Singapore Airlines reports heavy Q1 losses, defers Airbus deliveries
A Singapore Airlines Airbus A350-900 slows down at Singapore Changi Airport. Photo by
Benjamin Liew | AeroNewsX
Singapore Airlines, the flag carrier of Singapore, has today reported a massive quarterly loss for the quarter which ended on the 30th June 2020. It has also announced that it has reached an agreement with European aircraft manufacturer Airbus regarding the deferral of delivery for widebody aircraft, which the carrier is currently not in a position to take due to ongoing losses and deflated travel demand due to COVID-19.
Singapore, like most other nations around the globe, has been significantly affected by the Coronavirus and forced to largely curb international travel in order to stop COVID-19 from being spread within its own borders. These restrictions have had a huge impact on all airlines based in Singapore, particularly the Singapore Airlines Group, which manages the nation's flag carrier Singapore Airlines, regional subsidiary SilkAir, and low-cost airline Scoot. When COVID-19 first affected the small nation of Singapore, it crushed most demand for travel, forcing Singapore Airlines and SilkAir to ground 138 out of 147 aircraft in their fleet, with Scoot also grounding 47 out of its 49 aircraft. Although due to the lifting of some COVID-19 restrictions Singapore Airlines has now been able to reactivate some of its fleet, the airline still remains largely grounded and is as a result, bleeding money like many other major global airlines.
Today, the Singapore Airlines Group reported its grim financials for the quarter ending 30 June, with losses of 1 billion Singaporean dollars in just three months due to a slower than expected return of passenger travel demand. This is a stark comparison to the S$200 million profit the airline made in the same quarter during 2019. The airline also reported a revenue drop of 80% compared to the same time last year, to stand at S$851 million. According to a spokesperson for Singapore Airlines, the businesses revenue was partially offset by an uptick in cargo demand, despite the obvious lack of any real passenger demand. However, this was not entirely unexpected with the airline group warning shareholders in mid-July it expected to post a loss due to "slower than expected recovery from the coronavirus outbreak."

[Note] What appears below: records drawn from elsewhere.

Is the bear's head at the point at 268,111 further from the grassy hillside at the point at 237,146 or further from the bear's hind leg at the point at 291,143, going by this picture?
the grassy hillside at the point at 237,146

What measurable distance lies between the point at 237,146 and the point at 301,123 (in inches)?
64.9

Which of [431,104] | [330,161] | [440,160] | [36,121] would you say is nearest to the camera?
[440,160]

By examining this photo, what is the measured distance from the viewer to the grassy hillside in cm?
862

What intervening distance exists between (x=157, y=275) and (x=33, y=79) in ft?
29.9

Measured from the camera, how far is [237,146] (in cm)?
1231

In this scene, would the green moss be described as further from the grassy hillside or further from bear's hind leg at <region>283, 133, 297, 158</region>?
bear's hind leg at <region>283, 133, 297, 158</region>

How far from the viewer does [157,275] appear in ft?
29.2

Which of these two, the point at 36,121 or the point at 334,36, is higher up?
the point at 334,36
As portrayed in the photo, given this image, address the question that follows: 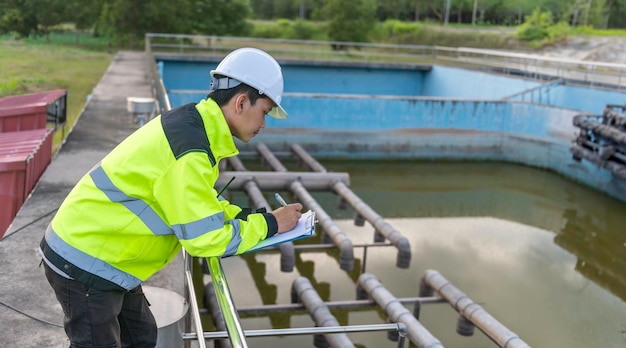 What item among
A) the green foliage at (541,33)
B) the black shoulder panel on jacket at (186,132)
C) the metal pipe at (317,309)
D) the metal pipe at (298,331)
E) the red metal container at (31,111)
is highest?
the green foliage at (541,33)

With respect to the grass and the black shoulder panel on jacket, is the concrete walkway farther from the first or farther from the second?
the grass

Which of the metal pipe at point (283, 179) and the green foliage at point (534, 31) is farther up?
the green foliage at point (534, 31)

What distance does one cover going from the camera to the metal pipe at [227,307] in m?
1.76

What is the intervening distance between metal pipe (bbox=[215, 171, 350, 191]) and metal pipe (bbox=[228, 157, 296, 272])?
4.7 inches

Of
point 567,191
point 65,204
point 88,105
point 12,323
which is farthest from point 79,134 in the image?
point 567,191

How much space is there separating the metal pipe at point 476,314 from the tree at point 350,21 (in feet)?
85.3

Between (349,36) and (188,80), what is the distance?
1359cm

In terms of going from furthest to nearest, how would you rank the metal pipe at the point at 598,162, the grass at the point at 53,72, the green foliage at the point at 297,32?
the green foliage at the point at 297,32 < the grass at the point at 53,72 < the metal pipe at the point at 598,162

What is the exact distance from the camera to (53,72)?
684 inches

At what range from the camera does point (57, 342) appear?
3.04m

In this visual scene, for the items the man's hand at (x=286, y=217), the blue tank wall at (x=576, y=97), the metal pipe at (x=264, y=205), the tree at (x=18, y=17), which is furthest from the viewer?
the tree at (x=18, y=17)

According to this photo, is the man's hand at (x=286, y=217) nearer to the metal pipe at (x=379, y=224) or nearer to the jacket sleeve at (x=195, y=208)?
the jacket sleeve at (x=195, y=208)

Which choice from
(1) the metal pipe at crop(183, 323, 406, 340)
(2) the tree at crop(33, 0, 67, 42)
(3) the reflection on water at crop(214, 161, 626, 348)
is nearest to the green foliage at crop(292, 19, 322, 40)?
(2) the tree at crop(33, 0, 67, 42)

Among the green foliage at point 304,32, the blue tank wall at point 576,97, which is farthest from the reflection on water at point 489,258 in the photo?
the green foliage at point 304,32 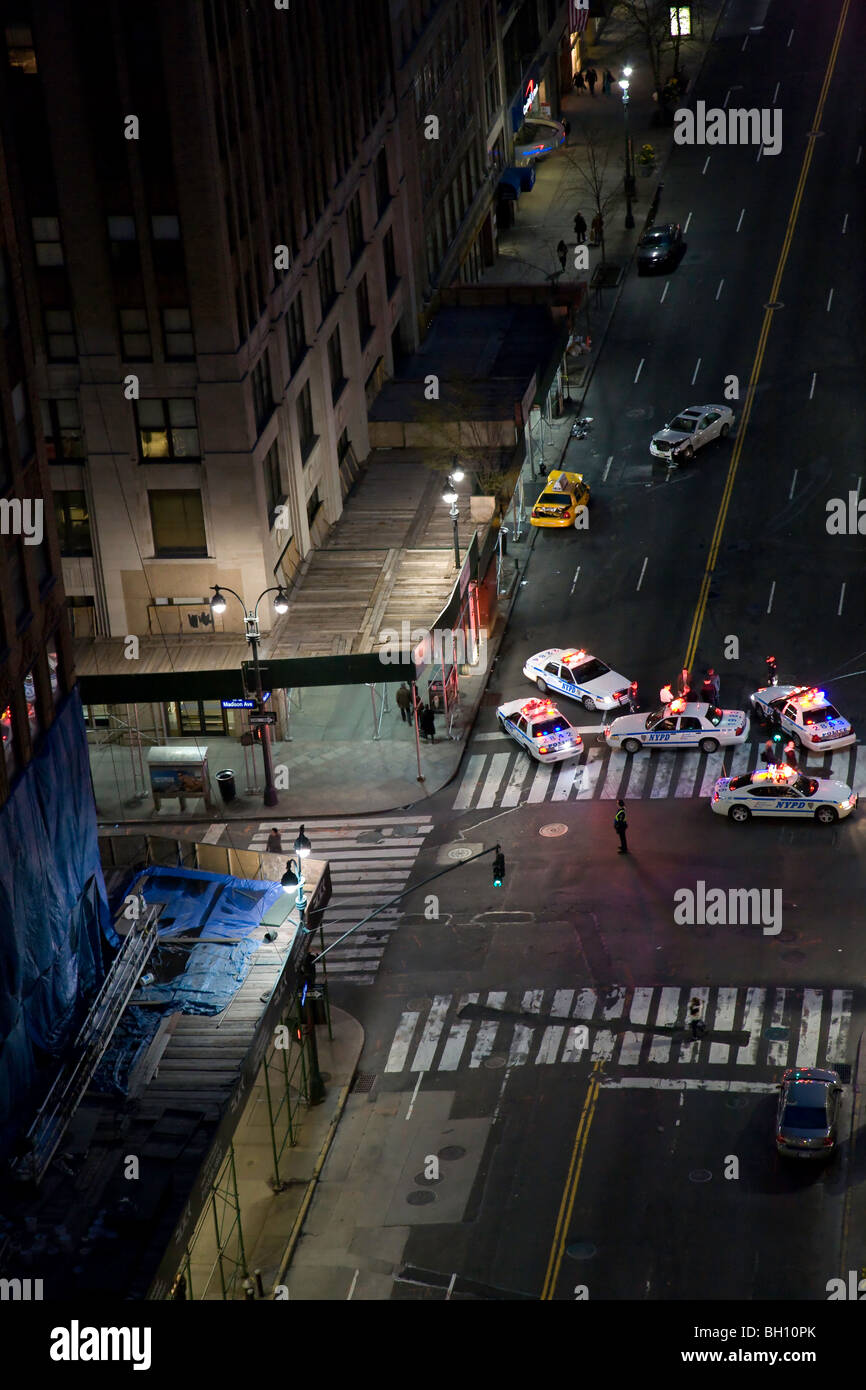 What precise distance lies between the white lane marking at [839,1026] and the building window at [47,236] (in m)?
34.2

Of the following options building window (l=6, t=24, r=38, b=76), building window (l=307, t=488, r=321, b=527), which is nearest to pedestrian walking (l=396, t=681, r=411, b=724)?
building window (l=307, t=488, r=321, b=527)

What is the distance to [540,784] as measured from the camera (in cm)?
7594

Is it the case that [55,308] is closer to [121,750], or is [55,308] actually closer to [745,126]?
[121,750]

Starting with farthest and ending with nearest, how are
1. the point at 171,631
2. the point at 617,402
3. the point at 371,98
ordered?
1. the point at 617,402
2. the point at 371,98
3. the point at 171,631

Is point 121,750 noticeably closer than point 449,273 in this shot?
Yes

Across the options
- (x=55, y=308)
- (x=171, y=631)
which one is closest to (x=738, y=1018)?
(x=171, y=631)

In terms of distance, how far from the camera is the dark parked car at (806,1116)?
5644cm

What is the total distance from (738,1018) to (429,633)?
19968 mm

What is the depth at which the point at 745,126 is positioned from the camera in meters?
132

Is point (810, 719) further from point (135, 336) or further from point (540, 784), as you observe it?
point (135, 336)

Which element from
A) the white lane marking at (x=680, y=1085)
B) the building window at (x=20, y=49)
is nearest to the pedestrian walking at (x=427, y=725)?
the white lane marking at (x=680, y=1085) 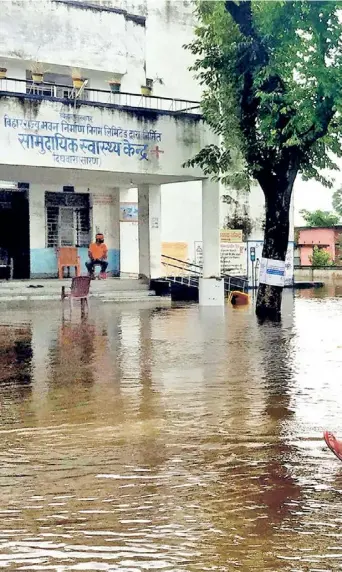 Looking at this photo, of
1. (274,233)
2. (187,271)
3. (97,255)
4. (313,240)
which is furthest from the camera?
(313,240)

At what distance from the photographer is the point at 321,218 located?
46344 mm

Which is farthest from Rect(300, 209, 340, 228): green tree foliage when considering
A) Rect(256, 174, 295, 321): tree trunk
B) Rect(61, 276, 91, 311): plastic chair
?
Rect(61, 276, 91, 311): plastic chair

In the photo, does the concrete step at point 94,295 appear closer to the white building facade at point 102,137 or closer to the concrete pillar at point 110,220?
the white building facade at point 102,137

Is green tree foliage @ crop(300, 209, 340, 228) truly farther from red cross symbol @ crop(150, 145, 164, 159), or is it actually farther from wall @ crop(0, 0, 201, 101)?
red cross symbol @ crop(150, 145, 164, 159)

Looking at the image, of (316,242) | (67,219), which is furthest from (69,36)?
(316,242)

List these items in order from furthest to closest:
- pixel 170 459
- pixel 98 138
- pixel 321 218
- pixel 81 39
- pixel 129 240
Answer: pixel 321 218, pixel 129 240, pixel 81 39, pixel 98 138, pixel 170 459

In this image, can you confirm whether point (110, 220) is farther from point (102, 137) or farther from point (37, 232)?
point (102, 137)

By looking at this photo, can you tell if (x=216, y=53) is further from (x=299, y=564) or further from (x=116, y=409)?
(x=299, y=564)

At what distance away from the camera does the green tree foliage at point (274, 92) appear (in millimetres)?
15516

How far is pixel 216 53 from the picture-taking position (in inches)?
682

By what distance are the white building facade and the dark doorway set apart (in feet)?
0.10

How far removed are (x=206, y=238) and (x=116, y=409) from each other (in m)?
13.5

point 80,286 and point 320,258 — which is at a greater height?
point 320,258

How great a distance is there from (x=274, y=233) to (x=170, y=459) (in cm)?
1239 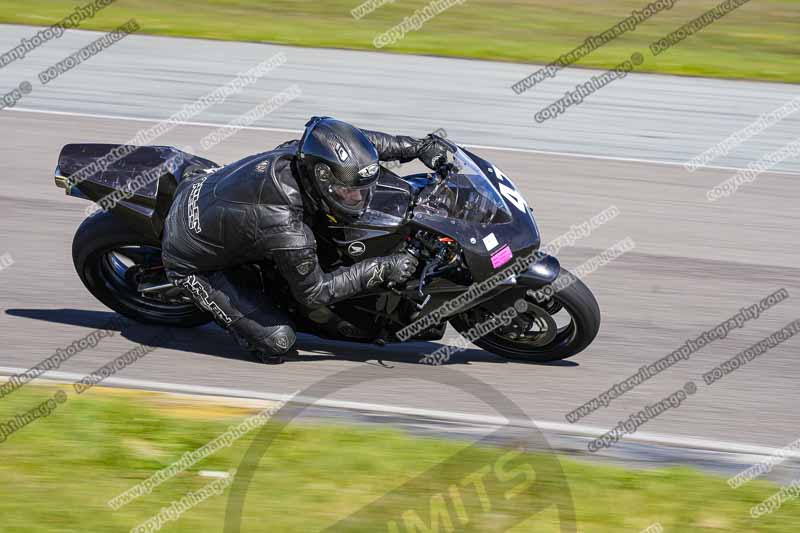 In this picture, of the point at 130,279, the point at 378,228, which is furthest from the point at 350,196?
the point at 130,279

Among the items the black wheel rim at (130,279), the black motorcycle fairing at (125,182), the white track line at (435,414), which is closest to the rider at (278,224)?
the black motorcycle fairing at (125,182)

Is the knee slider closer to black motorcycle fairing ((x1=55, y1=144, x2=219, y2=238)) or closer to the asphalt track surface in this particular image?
the asphalt track surface

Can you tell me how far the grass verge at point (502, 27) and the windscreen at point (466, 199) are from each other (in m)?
8.88

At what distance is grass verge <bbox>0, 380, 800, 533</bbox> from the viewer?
528 cm

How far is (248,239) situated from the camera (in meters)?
6.67

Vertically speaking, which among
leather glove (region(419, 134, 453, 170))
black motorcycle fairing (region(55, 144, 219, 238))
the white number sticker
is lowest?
the white number sticker

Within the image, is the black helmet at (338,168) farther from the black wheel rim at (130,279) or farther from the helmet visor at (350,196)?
the black wheel rim at (130,279)

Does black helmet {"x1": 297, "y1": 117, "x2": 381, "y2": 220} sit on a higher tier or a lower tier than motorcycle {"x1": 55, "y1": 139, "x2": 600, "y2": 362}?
higher

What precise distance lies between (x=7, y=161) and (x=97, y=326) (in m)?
4.08

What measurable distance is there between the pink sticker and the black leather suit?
0.69m

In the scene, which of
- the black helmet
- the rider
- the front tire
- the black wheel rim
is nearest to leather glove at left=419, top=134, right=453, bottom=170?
the rider

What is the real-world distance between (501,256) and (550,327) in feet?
2.60

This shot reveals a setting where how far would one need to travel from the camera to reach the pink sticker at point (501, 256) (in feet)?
21.6

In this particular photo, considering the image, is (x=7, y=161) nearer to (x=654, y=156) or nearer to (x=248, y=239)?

Despite the huge losses and decrease in revenue, the airline has made good progress in cutting operating costs through a variety of measures such as staff stand-downs and fuel hedging. According to the newly announced quarterly report, the Singapore Airlines Group's operating costs decreased 51.6% to S$1.89 billion. The Singapore Airlines spokesperson attributes this drop in operating costs to lower net fuel costs and non-fuel expenses due to a large amount of the fleet being grounded.
The Singapore Airlines quarterly financial report also compared 2020 passenger numbers with the same quarter in 2019 highlighting an expected evaporation of passenger numbers. In June 2020, the Singapore Airlines Group carried just 17,700 passengers compared to 3.2 million during the same month in 2019. When measured in Revenue Passenger Kilometres (RPKs), this represented a 99% drop in passenger numbers for the group's airlines when compared with the same quarter last year and an overall capacity cut of 95%, meaning that Singapore Airlines and its sister airlines are currently operating at just 5% of their 2019 capacity.
In order to help curb losses and reduce parked aircraft, the Singapore Airlines Group has also made progress with negotiations between itself and European aircraft manufacturer Airbus to defer delivery of some of the 65 Airbus planes the group has on order for both Singapore Airlines and Scoot, but the airlines spokesperson declined to elaborate on exact details of the deal. At the same time, Singapore Airlines also stated it was in ongoing discussions with Boeing to defer some of the 85 Boeing the Group's airlines have on order, although no comment has been made on the progress of these discussions yet.